In Britain, the reactivation of the Stop Blair! petition gained hundreds of new signatures in just a few days, with some 37,000 signatures now attached to the petition. 

Blair violated international law when he committed his country to a war in Iraq that a large majority of European citizens opposed, underline his critics. “His role in the Iraq war would weigh heavily on the image of the Union in the world, should he in fact be named its president,” according to advocates of the Stop Blair! campaign. 

Rather than move European integration forward, the former UK prime minister set a series of so-called red lines during the Lisbon negotiations, with the intent of blocking any progress on social issues and tax harmonisation, as well as common defence and foreign policy, the campaigners stressed. 

Daniel Cohn-Bendit, joint leader of the Greens in the European Parliament, agreed, saying “there is no way Blair should get this job. He did nothing to defend European interests when he was PM and has done even less as a Middle East envoy”. 

Meanwhile, Blair finds himself faced with a new hurdle after recent media reports claimed that he accepted tens of thousands of pounds from a steel billionaire campaigning for Ukraine to join the European Union. 

Victor Pinchuk, who is championing the country’s bid for EU membership, has already hired Stephen Byers, the former Labour cabinet minister, to press his case. He reportedly paid Blair to give a keynote speech in Ukraine. 

Several European countries support closer economic ties with Ukraine but have not directly backed an EU membership bid. Some, including Germany, are concerned that closer links with Ukraine may jeopardise relations with Russia.

However, despite the growing chorus of opposition, Irish gambling company Paddy Power – a firm well known for weighing into political speculation – has made Blair its odds-on favourite to take the job.

Other names floated for the Council president post include Dutch Prime Minister Jan Peter Balkenende (EURACTIV 29/09/09) and Luxembourg’s Jean-Claude Juncker.

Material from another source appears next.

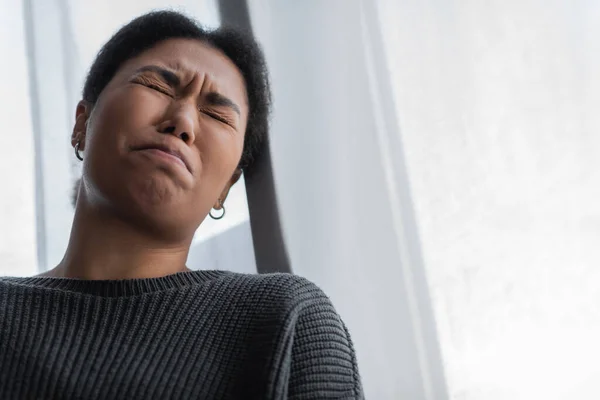 Vista de ángulo bajo de la joven mujer multirracial con depresión llorando en casa - foto de stock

The Treaty of Lisbon, should it come into force, introduces the new 'top job' of a high-profile president who will chair EU summit meetings for a two-and-a-half year term (for more details, see EURACTIV LinksDossier on 'Choosing Mr(s). Europe'). 

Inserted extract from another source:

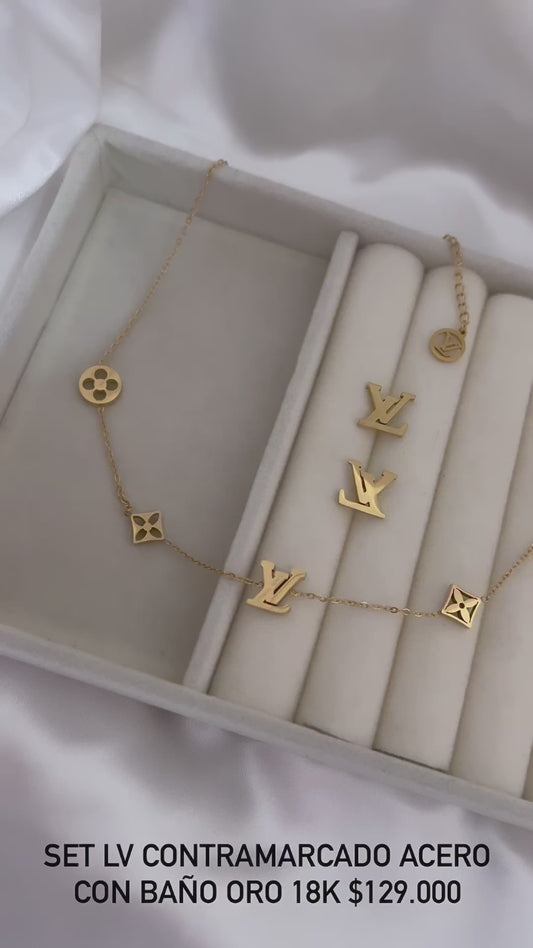Set acero con baño oro 18k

Speculation has been rife as to who the leading candidates might be, with names such as Tony Blair, Jean-Claude Juncker and Guy Verhofstadt mentioned repeatedly. 

However, the wording of the Lisbon Treaty is vague when describing the president's duties. Though on paper little more than a chairperson, certain EU experts argue that a high-profile personality could mould the position into the global 'face' of the EU.